Duvall and Costner Boss the Open Range
They don't make them like they use to especially when you get on the subject of Westerns, but occasionally they get pretty darn close. One such western which gets very close is "Open Range" starring Robert Duvall, Kevin Costner and Annette Bening. It has that old style feel, that storyline about cowboys looking for justice and feels at times like one of those westerns directed by Anthony Mann which starred James Stewart. But whilst surprisingly good "Open Range" is not perfect and suffers from feeling drawn out as it tries to capture the beauty of the open plains a little too much and also delivers an ending which is most definitely over long and some could say superfluous.
Whilst driving cattle across the open range cowboys Boss Spearman (Robert Duvall - John Q) and Charley Waite (Kevin Costner - 3000 Miles to Graceland) are forced to take action and revisit their painful pasts when Denton Baxter (Michael Gambon - Charlotte Gray) the owner of a ranch and king pin in the local town decides to run them and their 2 partners out of the area. Forced to seek justice Charley and Boss put their lives on the line against Baxter's men to get justice for what has been done to them and for what they stand for.
The first thing which hits you about "Open Range" is that it has an almost artsy side to it, with lingering shots of the open range, mountains and the use of natural lighting to deliver atmosphere. It's surprising because this level of artistry is not what you normally associate with a western or with the director Kevin Costner. But in a strange way it works, it creates the atmosphere, the loneliness of the open range and wows you with the beautiful vistas. Although saying that there are times when the level of artistry seems almost indulgent, lingering longer on shots of the back drops than maybe necessary causing it too feel drawn out as if Costner was so in awe of his surroundings that he couldn't restrain himself from just one more scenic shot.

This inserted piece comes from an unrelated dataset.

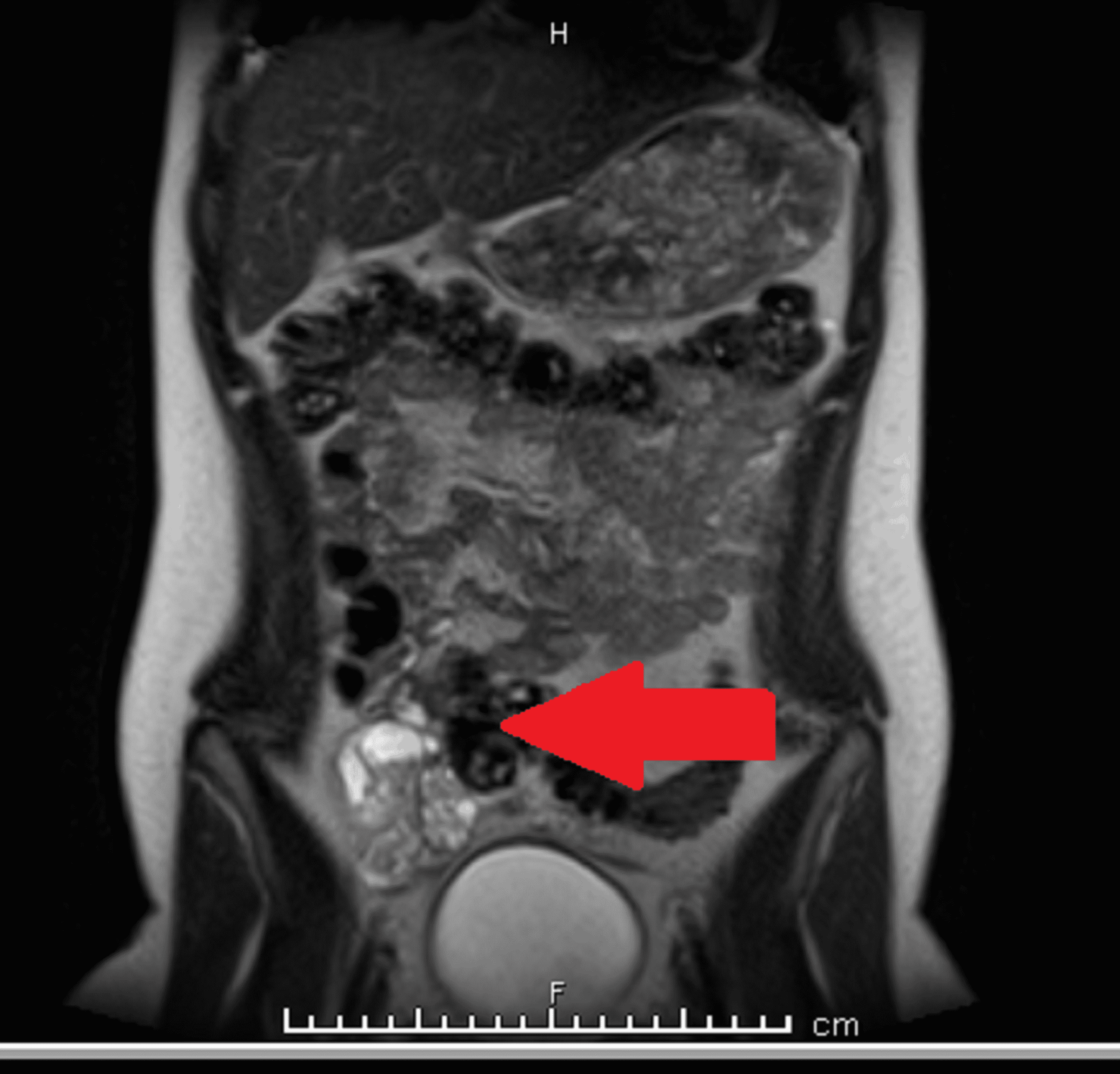 Cureus The Role of a Spinning Top Urethra in the Development of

But when you get past the visual ness of "Open Range" it has a very traditional feel with Charley & Boss finding themselves forced into seeking justice against a land owner who also controls the nearby town. It delivers all those expected elements, the Marshall who is in the pocket of the land owner, the quirky locals, the town doctor, the romantic element and of course the big gun fight, everything you would expect from any western. It's as if writer Lauran Paine had masterfully combined the various elements of popular westerns into one story, not haphazardly but in a thought out flowing manner. It makes it feel familiar and very traditional but not in a bad way because it also captures the whole essence of the old westerns.

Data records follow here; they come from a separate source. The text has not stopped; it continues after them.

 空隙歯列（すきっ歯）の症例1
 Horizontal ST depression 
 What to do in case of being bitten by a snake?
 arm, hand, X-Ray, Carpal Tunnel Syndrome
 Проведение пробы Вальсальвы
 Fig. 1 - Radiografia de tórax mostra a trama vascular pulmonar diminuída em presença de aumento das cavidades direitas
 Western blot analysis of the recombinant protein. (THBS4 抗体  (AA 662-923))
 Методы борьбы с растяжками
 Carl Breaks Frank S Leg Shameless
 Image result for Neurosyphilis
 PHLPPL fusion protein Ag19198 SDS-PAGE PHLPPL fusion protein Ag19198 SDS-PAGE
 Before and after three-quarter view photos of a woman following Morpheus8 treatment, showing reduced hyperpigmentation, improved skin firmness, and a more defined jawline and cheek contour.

At the same time as feeling traditional "Open Range" also adds a more contemporary side. Elements such as the town flooding making it difficult to walk around, that people didn't just go around shooting on the spur of the moment preferring to keep innocent people out of it and that the gunfighters preparing for battle, they places weapons in calculated places it gives it a slightly more believable feel. It certainly works because it stops it from feeling too fantasy like, although the big gunfight is the stuff of childhood fantasy, epic in scale with guns a blazing and bad guys being blasted. It's another reason why it gets very close to the good old times of westerns, because it delivers those wonderful big screen moments and that gun fight certainly stands out as one of the best.

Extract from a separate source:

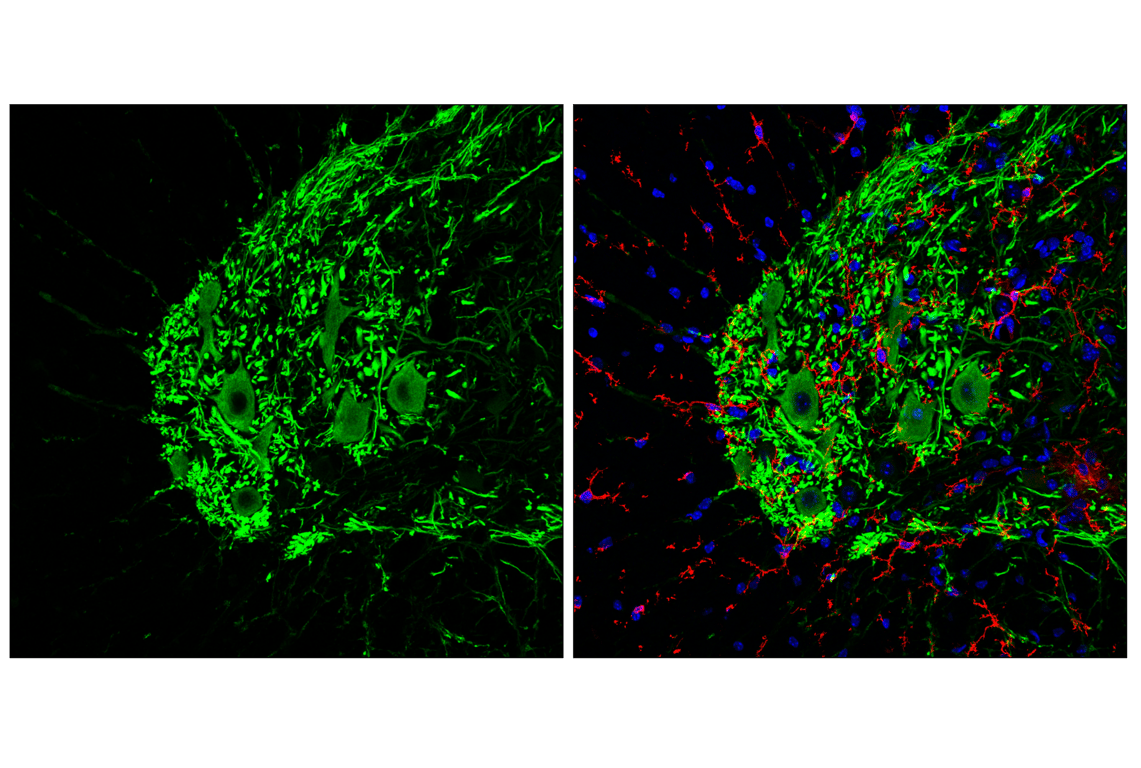 Immunofluorescence Image 2: GPR52 (E9D8W) Rabbit Monoclonal Antibody (BSA and Azide Free)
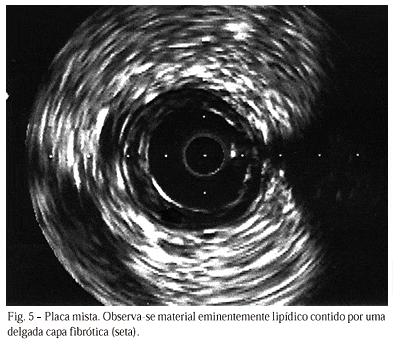 Imagem intravascular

But "Open Range" isn't perfect and in the tradition of westerns there is a romantic element which smoulders between Charley and Sue Barlow, brilliantly played by Annette Bening, who works with the doctor. For the most it's a nice element but is one of the reasons why "Open Range" is drawn out, it pays it too much attention, especially during the final half an hour where it endeavours to bring closure to every aspect of the storyline. For me it didn't need closure, or at least not to the extent that is delivered in "Open Range" and would have been better to leave that side of things slightly floating. It would have certainly cut down the running length to less than 2 hours instead of the quite long 2 hours 13 minutes which "Open Range" runs for.
As for more positives well Robert Duvall is a piece of brilliant casting delivering every aspect of the old cowboy with a past that he's been trying to leave behind. And Kevin Costner is equally good as his right hand man Charley, delivering a more restrained performance than we are use to from Costner, giving us not so much a silent cowboy but one who only says something when it's worth saying. Between Duvall and Costner they make it all come together delivering the action perfectly but also the bond they have making them believable as old working friends who yet know little about each other.
What this all boils down to is that "Open Range" is very much a modern western which manages to capture much of what was so good about the old westerns. It centres on a simple but compelling story of justice, it delivers tension and atmosphere plus of course a stunning gun fight which really is one of the best to have hit the big screen. But it does at times stray from the path. Costner's attempts to deliver the beauty of the landscape is at times a little over indulgent, drawing things out longer than is necessary as is the romantic storyline which whilst in the tradition of westerns is given too much attention. But even so "Open Range" is a stunning modern western, one which is a must see for fans of westerns.